#### [EXERCISE PROMPT]
Restate every line of the data word for word, except for the images.

-------

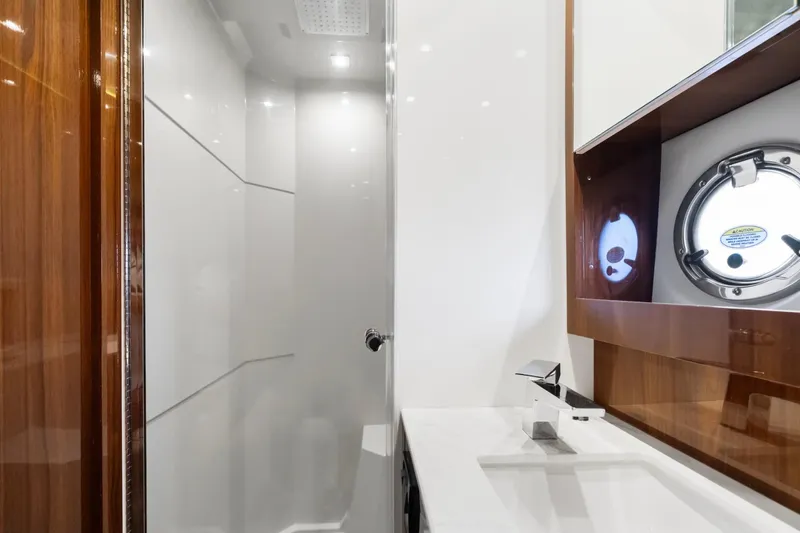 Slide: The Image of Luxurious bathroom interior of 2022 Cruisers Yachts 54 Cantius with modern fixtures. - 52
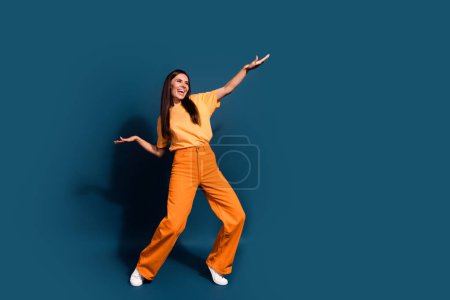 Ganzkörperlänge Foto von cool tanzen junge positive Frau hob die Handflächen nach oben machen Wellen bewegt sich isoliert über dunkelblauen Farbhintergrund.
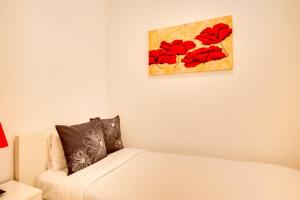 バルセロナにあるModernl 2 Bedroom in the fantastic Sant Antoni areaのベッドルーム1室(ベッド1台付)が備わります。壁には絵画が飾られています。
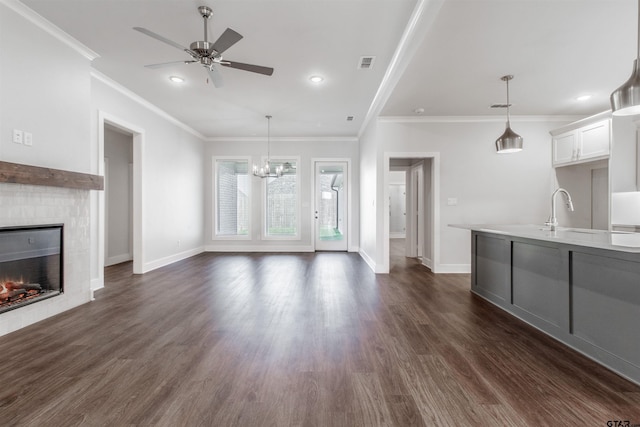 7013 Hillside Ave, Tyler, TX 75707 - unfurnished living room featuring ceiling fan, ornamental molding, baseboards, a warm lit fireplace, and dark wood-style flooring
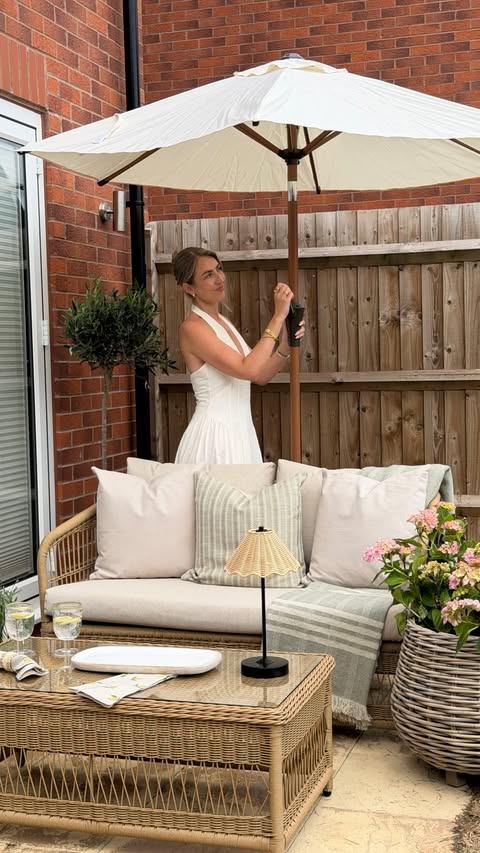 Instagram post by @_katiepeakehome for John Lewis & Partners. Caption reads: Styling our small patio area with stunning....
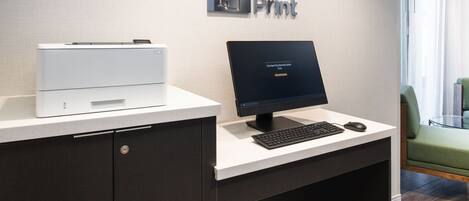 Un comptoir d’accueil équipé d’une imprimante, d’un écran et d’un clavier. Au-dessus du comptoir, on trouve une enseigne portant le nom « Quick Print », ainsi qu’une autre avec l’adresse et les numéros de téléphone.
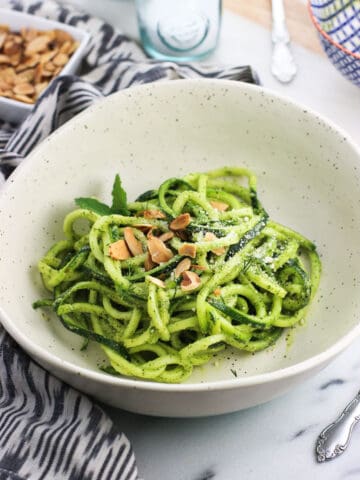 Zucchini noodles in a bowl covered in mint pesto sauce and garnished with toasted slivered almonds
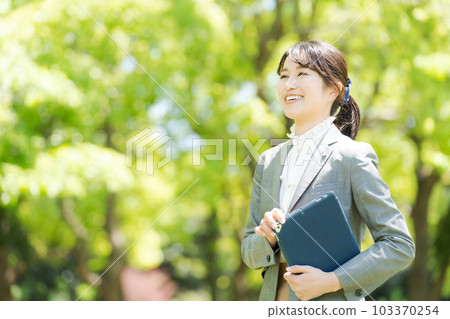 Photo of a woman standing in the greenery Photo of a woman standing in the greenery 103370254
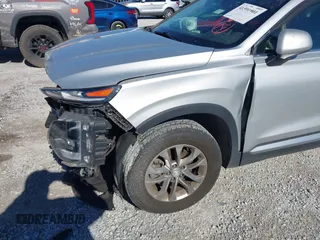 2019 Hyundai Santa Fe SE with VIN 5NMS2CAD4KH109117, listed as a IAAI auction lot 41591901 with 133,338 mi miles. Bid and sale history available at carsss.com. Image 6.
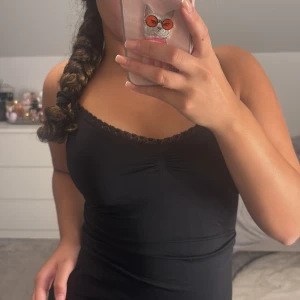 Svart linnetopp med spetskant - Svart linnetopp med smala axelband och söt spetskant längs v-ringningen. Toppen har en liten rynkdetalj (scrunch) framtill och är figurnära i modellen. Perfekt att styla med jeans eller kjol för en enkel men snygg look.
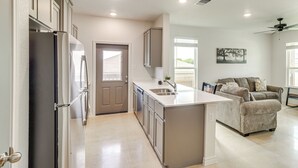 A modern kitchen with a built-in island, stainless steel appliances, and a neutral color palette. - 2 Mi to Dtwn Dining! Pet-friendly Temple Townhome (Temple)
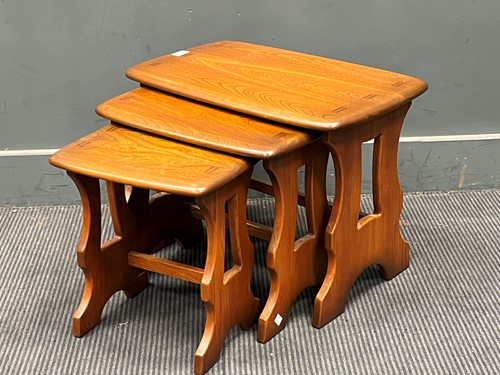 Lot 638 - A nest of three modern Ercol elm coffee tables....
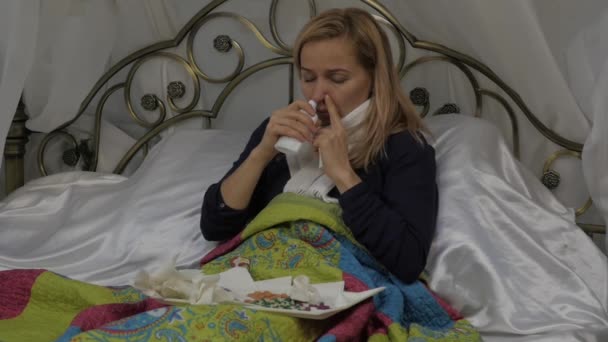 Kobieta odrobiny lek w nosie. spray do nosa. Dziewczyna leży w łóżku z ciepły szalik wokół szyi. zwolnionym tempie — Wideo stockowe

-------

#### [RESPONSE AREA]
 Slide: The Image of Luxurious bathroom interior of 2022 Cruisers Yachts 54 Cantius with modern fixtures. - 52
 Ganzkörperlänge Foto von cool tanzen junge positive Frau hob die Handflächen nach oben machen Wellen bewegt sich isoliert über dunkelblauen Farbhintergrund.
 バルセロナにあるModernl 2 Bedroom in the fantastic Sant Antoni areaのベッドルーム1室(ベッド1台付)が備わります。壁には絵画が飾られています。
 7013 Hillside Ave, Tyler, TX 75707 - unfurnished living room featuring ceiling fan, ornamental molding, baseboards, a warm lit fireplace, and dark wood-style flooring
 Instagram post by @_katiepeakehome for John Lewis & Partners. Caption reads: Styling our small patio area with stunning....
 Un comptoir d’accueil équipé d’une imprimante, d’un écran et d’un clavier. Au-dessus du comptoir, on trouve une enseigne portant le nom « Quick Print », ainsi qu’une autre avec l’adresse et les numéros de téléphone.
 Zucchini noodles in a bowl covered in mint pesto sauce and garnished with toasted slivered almonds
 Photo of a woman standing in the greenery Photo of a woman standing in the greenery 103370254
 2019 Hyundai Santa Fe SE with VIN 5NMS2CAD4KH109117, listed as a IAAI auction lot 41591901 with 133,338 mi miles. Bid and sale history available at carsss.com. Image 6.
 Svart linnetopp med spetskant - Svart linnetopp med smala axelband och söt spetskant längs v-ringningen. Toppen har en liten rynkdetalj (scrunch) framtill och är figurnära i modellen. Perfekt att styla med jeans eller kjol för en enkel men snygg look.
 A modern kitchen with a built-in island, stainless steel appliances, and a neutral color palette. - 2 Mi to Dtwn Dining! Pet-friendly Temple Townhome (Temple)
 Lot 638 - A nest of three modern Ercol elm coffee tables....
 Kobieta odrobiny lek w nosie. spray do nosa. Dziewczyna leży w łóżku z ciepły szalik wokół szyi. zwolnionym tempie — Wideo stockowe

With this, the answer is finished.